The Boston Globe headline is "Rose Art Museum will sell no art," and the lede to its story is: "Brandeis University has agreed to put in writing that it will sell none of the Rose Art Museum's prized collection of modern art."
The LA Times says Brandeis "has stated that it won't sell pieces from the Rose Art Museum's collection."
The Chronicle of Higher Education says Brandeis announced "that it would not sell any part of its prized collection of modern art at its Rose Art Museum."
The Art Newspaper says Brandeis "promise[d] to keep the museum open without putting any of its art up for sale."
That isn't quite right. What the settlement agreement says (you can read it here; see the last sentence of paragraph 1) is that Brandeis "has no aim, plan, design, strategy or intention to sell any artwork."

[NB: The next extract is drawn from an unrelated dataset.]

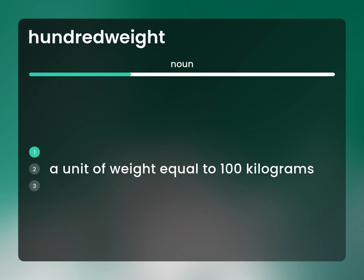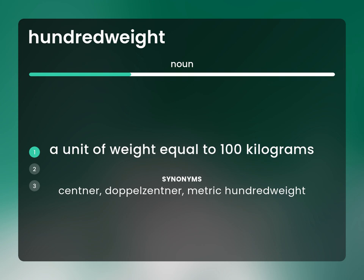A unit of weight equal to 100 kilograms. Also known as: Centner, Doppel-Zentner, metric hundredweight.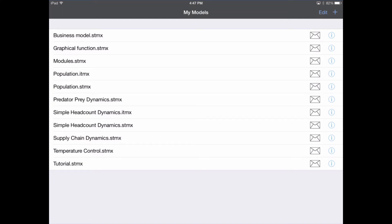Hi, my name is Billy Schoenberg, and I'm a developer with IC Systems. Today I want to show you how to build a model using Stella Modeler for the iPad. The model we're going to build today is going to be a little model of a pizza shop. We'll model their costs and their sales, with the goal of keeping track of their cumulative profit.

There's a big difference between saying that and saying they promise not to sell any artwork.
It's like saying I don't have any plan to have sushi for dinner tonight. If I change my mind in a couple of hours, I haven't breached my earlier "agreement" in any way.
Similarly, if circumstances change at some point down the road and Brandeis wants to revisit the question of selling some art, there is nothing in this agreement to stop them. It's a pretty meaningless document.
(Randy Kennedy's New York Times story gets it right -- noting that "the settlement does not say that the museum will categorically never sell works.")
The press reports also emphasize that the Rose is to remain a public museum -- as if that is some sort of major concession the plaintiff's won in the lawsuit -- but that's something Brandeis had committed to on its own long ago.